Nathaniel Hawthorne said it best, “Easy reading is damn hard writing.”  And he’s right.  We writers are strange breed.  Who but a writer would volunteer their time to sit alone for hours on end, their fingers curled above a keyboard punching out word after word, stringing them into sentences, paragraphs, and even books?  Who but a writer would want to make their own cognition–their own consiousness–available to the many individuals “out there” to scrutinize, and perhaps–maybe identify with?  That’s right (or should we say write)…not many!

For those of you who followed the “home series,” you’ve already had the lovely pleasure of meeting Tanya Chernov, author of “A Real Emotional Girl.”

She’s back this week with a wonderful post about writing the hard stuff–but isn’t anything worth doing hard?  Take it away, Tanya!

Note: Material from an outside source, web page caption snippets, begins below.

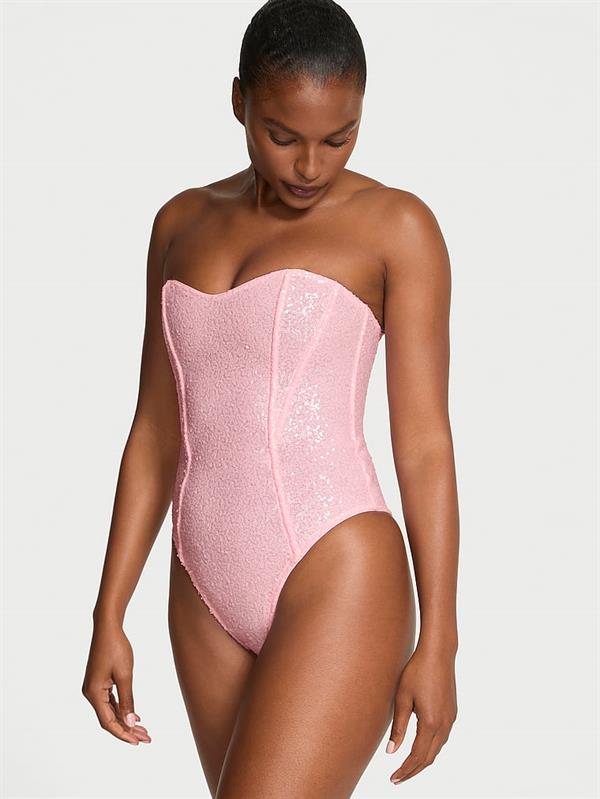 Işıltılı Straplez Body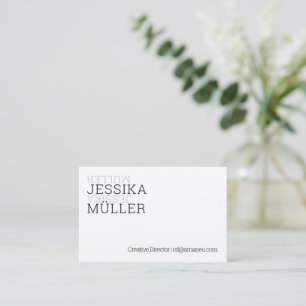 Minimalismus in schwarz weiß Drehung visitencard Visitenkarte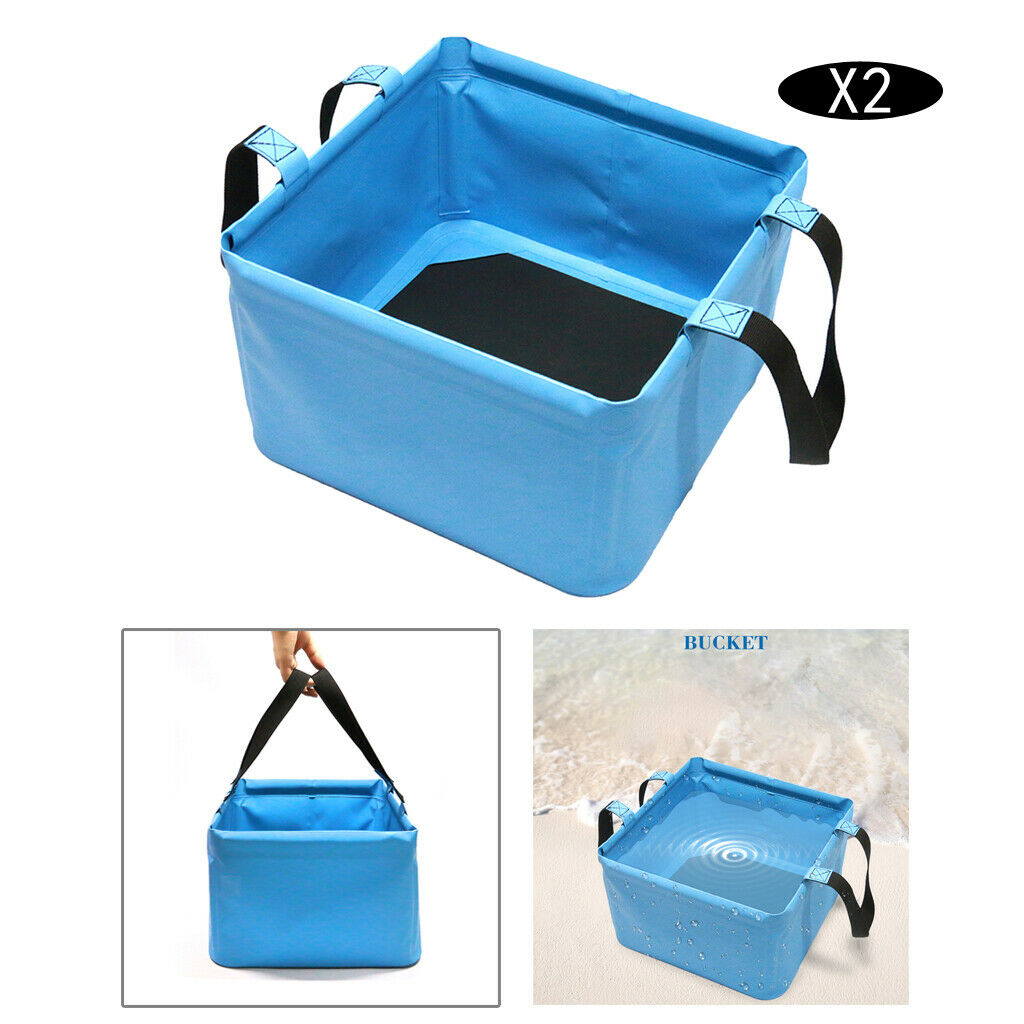 2x 18L Outdoor Collapsible Bucket Water Container Bag for Camping BBQ Picnic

                                           The Bleeds

If my relationship with a text is dynamic enough, I am rewritten by what I write. -Robert Grudin

There’s a point at the very end of every long day, when I notice that the dog has finally resigned herself to the chaise lounge beside my desk in the office—a squat piece of Ikea furniture suited perfectly for a dog of large size. She only pads into the room and atop her sofa in the dark, small hours of my nighttime writing sessions, when she knows we won’t be going to bed properly for a few hours yet. She has come to sense when the writing is flowing, when I have a clear head and keen focus on the page. This all sounds so smooth and easy, but it isn’t. It sounds calm and quiet, but it took me over a decade to clean away the noise.

The life of an author is necessarily connected to that which is most dangerous: our consciousness. It is often through the exploratory process of creative literature that we touch the exciting possibilities and subversive consequences of our capacities as a species. Yet for all of the grandiose ways in which writers may achieve greatness, the flipside is a dangerous preoccupation with our own wicked imaginations and the unavoidable mass quantity of time living inside our own heads. Not everyone is cut out to be a writer, and not everyone can handle writing memoir.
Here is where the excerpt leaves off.